WORK REQUEST – I need every line of the material below that includes the string "used".

INPUT FOR THIS TASK –
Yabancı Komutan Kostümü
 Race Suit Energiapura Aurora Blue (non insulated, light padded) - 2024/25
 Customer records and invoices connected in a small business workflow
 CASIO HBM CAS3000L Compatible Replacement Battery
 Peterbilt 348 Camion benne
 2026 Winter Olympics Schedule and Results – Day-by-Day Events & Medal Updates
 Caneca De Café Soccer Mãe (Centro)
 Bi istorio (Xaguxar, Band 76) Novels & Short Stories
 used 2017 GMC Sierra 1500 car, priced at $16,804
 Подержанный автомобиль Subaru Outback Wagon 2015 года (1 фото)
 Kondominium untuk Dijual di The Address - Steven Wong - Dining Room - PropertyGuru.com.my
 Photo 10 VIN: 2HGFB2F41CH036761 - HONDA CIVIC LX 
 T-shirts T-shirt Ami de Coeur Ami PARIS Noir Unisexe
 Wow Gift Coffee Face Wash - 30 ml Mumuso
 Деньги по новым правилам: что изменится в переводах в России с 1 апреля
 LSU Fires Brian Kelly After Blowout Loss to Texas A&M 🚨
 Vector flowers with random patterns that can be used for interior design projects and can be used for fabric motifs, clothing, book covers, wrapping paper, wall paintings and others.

TASK RESPONSE –
 used 2017 GMC Sierra 1500 car, priced at $16,804
 Vector flowers with random patterns that can be used for interior design projects and can be used for fabric motifs, clothing, book covers, wrapping paper, wall paintings and others.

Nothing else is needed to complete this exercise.